In the works for comics is an idea being called "Eros/Thanatos", that has an interesting genesis, that looks as if it might be the next comic project I take on. It started as a story called "Monster" about a serial killer who targeted homeless people. Then I got the idea: "what if he didn't have to kill them directly? What if he had devil powers?" This moved on to something called "Angel" like "Fallen" + "Predator" where the serial killer with devil powers became an angel who possesses people and then goes hunting. Briefly there were two angels fighting each other, then back to one. The basic idea was that the angel couldn't kill anyone directly, but had to trick them into a deadly situation, like spooking them into stepping into traffic or something, only more carefully thought out. Then I got to thinking: "how exactly are the people being hunted supposed to win? They're being hunted by an angel. It can't die and they can so they're pretty much screwed from the beginning. Also, why exactly is the angel hunting people?" I decided to make the story about the psychology of the people being hunted instead of the angel. The final version of the story, now titled "Eros/Thanatos" deales much more with the psychological aspect, ignoring the whole angel idea almost altogether. Now a detective investigating the peoples' deaths has to decide whether they are actually being hunted by something or whether these are clever suicides or just random accidents, with the issue not being resolved by the end. Here is the introduction:




At the end of the Nineteenth Century Sigmund Freud pioneered the study of the human mind. Equally revolutionary as his psychotherapy was another of his practices: Freud actually listened to women. Rampant misogyny and antisemitism caused the intellectuals of Europe to disregard Freud's theories as "Jew science." While he has been largely supplanted today by the likes of James, Skinner, and the Gestalt psychology, Freud was essential to the initial development of this most important of Western sciences.
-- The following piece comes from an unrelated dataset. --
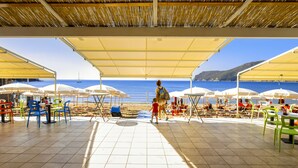 An outdoor seating area with tables and chairs under umbrellas, overlooking a beach with a clear view of the sea and distant hills. - TH Lacona (Capoliveri)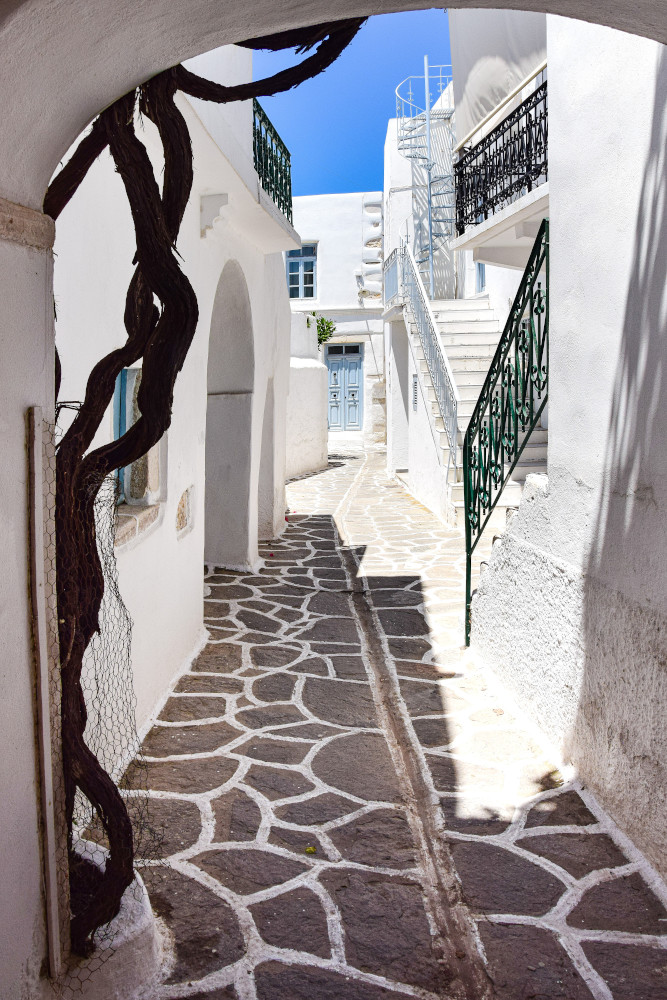 Narrow street with white-walled buildings and blue sky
Disillusioned by the destructiveness of the First World War, Freud added to his model of the unconscious processes of the mind. Aside from the desire for life and construction, Eros, Freud included the death drive, later to be named Thanatos (although Freud himself never used the term). Seeing the millions sent to die for ideas of nationalism and patriotism, his growing pessimism led him to believe that people unconsciously desire self-destruction more than sexual pleasure. For Freud, Thanatos, the drive toward repetition, aggression, and eventually one's own death, was more powerful. The human mind is a battle between Eros and Thanatos: a battle Thanatos inevitably will win.



However, it is not that simple. Eros is not completely powerless. Eros, the desire for life, seeks not to defeat death but to control it. Eros serves as a means of cheating death so as to die in the way one most desires. We might join Lord Kitchener's army to die on the fields of Flanders. We might drive a fast motorcycle through red lights or jump out of airplanes. We might ignore obvious warning signs like a dripping wet floor or walk into oncoming traffic. Whatever the reason, according to Freud, our desire to die is the primary driving force in our lives, and a desire we wish to direct toward our own ends. But, except for the suicide, we can't choose our own deaths. Can we?